# Used Toro snow blower



## dodgerfan1 (Nov 19, 2016)

Hello everyone,

To say I am a novice when it comes to snow blowers is an understatement. My barber (whom I trust) has offered to sell me his one year old, 6HP-two stage snow blower for $700. It has only been used a couple of times-am I getting a good deal? I've looked online as a reference point and I think I am getting a good deal, but I remain unsure. I really appreciate the help!


----------



## micah68kj (Oct 8, 2011)

https://youtu.be/wFOVWb_QP5khttps://youtu.be/wFOVWb_QP5k


dodgerfan1 said:


> Hello everyone,
> 
> To say I am a novice when it comes to snow blowers is an understatement.
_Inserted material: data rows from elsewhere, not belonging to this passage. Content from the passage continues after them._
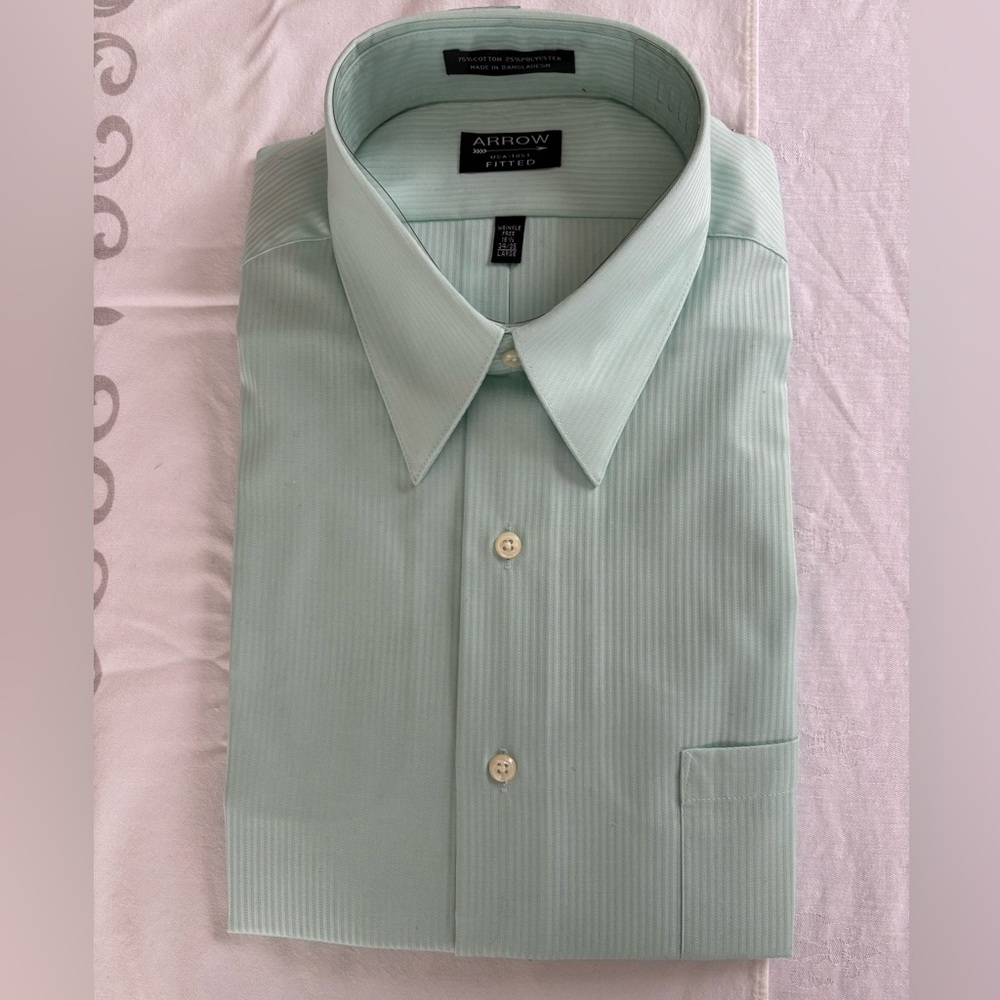 NEW mint green Arrow men’s dress shirt! 16 1/2; 34/35. Beautiful!!
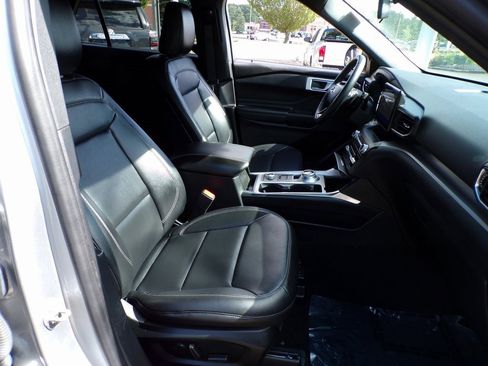 Used 2020 Ford Explorer XLT w/ Equipment Group 202A image 6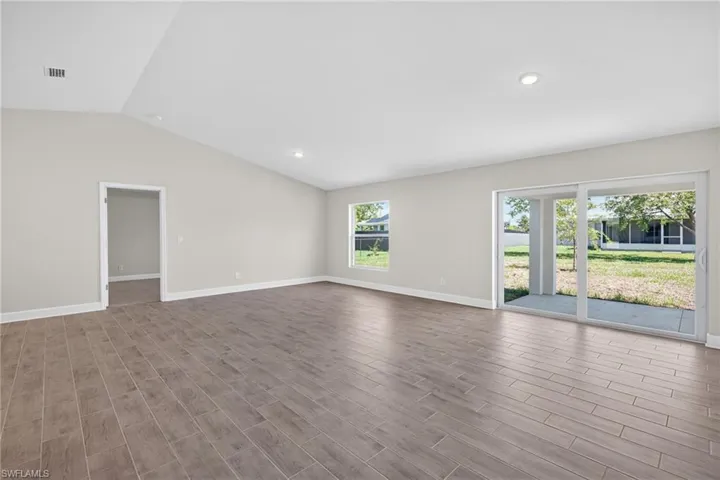 1707 Nw 25th Ln, Cape Coral, Florida 33993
My barber (whom I trust) has offered to sell me his one year old, 6HP-two stage snow blower for $700. It has only been used a couple of times-am I getting a good deal? I've looked online as a reference point and I think I am getting a good deal, but I remain unsure. I really appreciate the help!


That may be a really good deal or you may be really getting messed over. The difference between same size blowers is very wide. What brand? How does it look? Why is he selling a brand new blower?? Please watch this posted video up at the top before pulling the trigger on any blower.


----------



## Kiss4aFrog (Nov 3, 2013)

:welcome: to SBF dodgerfan1


----------



## nwcove (Mar 2, 2015)

micah68kj said:


> https://youtu.be/wFOVWb_QP5khttps://youtu.be/wFOVWb_QP5k
> 
> That may be a really good deal or you may be really getting messed over. The difference between same size blowers is very wide. What brand? How does it look? Why is he selling a brand new blower?? Please watch this posted video upmat the top before pulling the trigger on any blower.


the post title says Toro...but pics or a model # would be nice.


----------